If the seventh Super Bowl in Pittsburgh Steelers history seems just a little saner, more ordinary, a tad quieter than the previous six, it's because this is the club's first title game since the passing of one Myron Cope, the "Yoi!"-spouting radio legend and unofficial poet laureate of the 412, who died last February at the age of 79.

While he didn't welcome the end -- Cope died of respiratory failure -- he wasn't overly afraid of it either, which is why he was able to joke about his imminent demise.

"The headline over my obituary," he would grouse, "is going to be: Towel Founder Dies."

That prediction, passed on by his close friend, the long-time Steelers p.r. man Joe Gordon, turned out to be wrong, but just barely. The AP's obituary on Cope didn't mention his best-known invention in its headline, although the Terrible Towel did make an appearance midway through the first sentence.

I first heard Cope's cacophonous voice as an elementary school student in the Pittsburgh suburb of O'Hara Township. My family had just moved from Colorado. It puzzled me how anyone who sounded like that could find work in radio.

But, as Steelers fans know, the man grew on you. Right up until the end of his career, Cope seemed incapable of an unoriginal sentiment. Jerome Bettis didn't break a tackle. "He shed that guy like he was a tsetse fly!" Cornerbacks didn't blanket wideouts. Rather, their coverage was so tight, "I'm tellin' ya -- he could tell whether the receiver used Listerine or Scope!"
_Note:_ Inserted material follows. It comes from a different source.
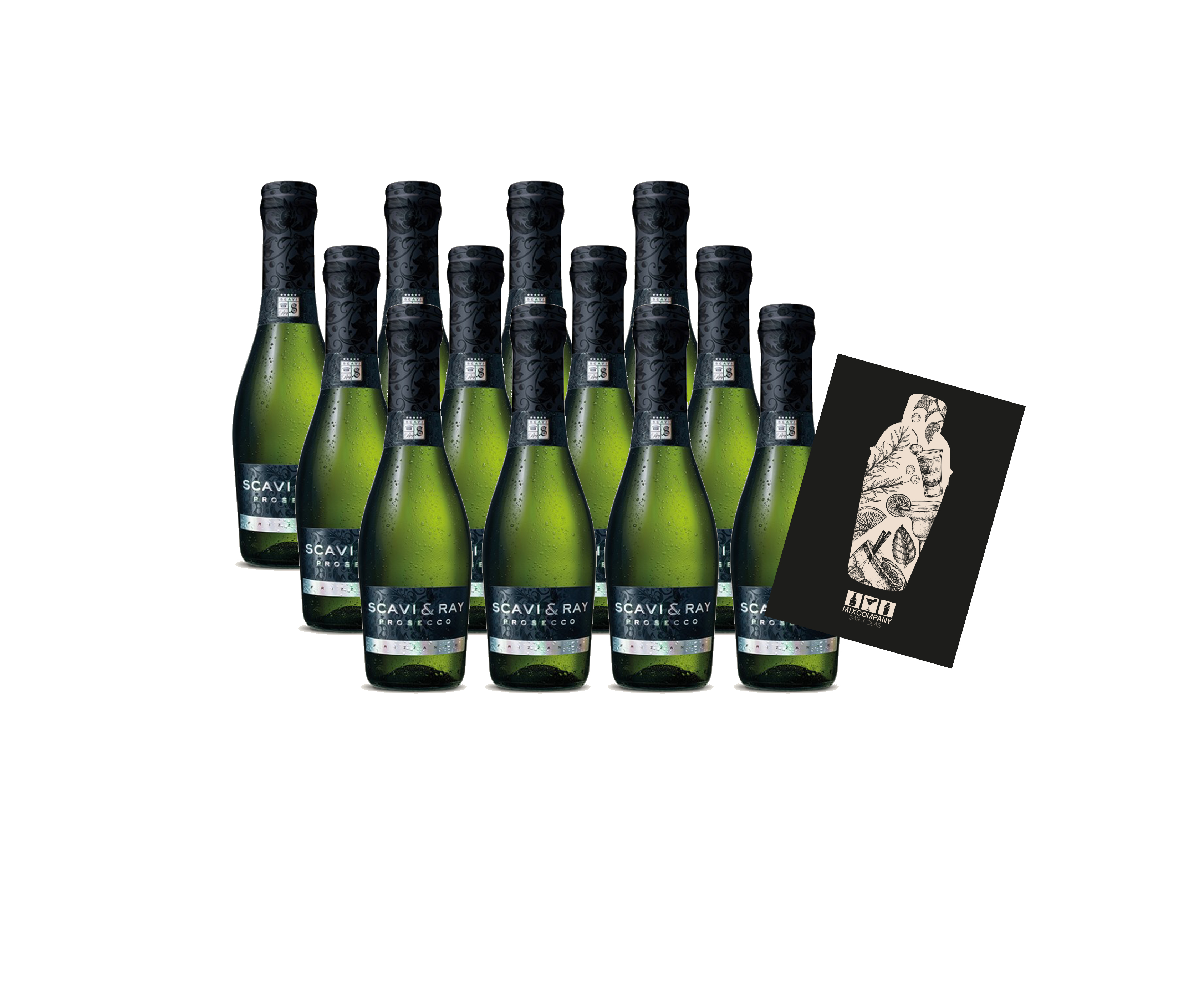 Scavi & Ray 12er Set Prosecco Frizzante Piccolo 12x 0,2L (10,5% Vol.) - [Enthält Sulfite]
Sawed off though he was, the 5-foot-5 Cope was larger than life in this city, in which he spent all but seven months of his life. I got to know him a little in the mid-'90s, while covering the NFL for SI. Cope was the most accessible icon I ever met. I can still hear him carping about the no-smoking policy in the pressroom at Three Rivers Stadium. "Go dahn the hall, they got a big portrait a' da Chief" -- club founder Art Rooney Sr. -- "and he's smoking a big stogie right there in da painting!"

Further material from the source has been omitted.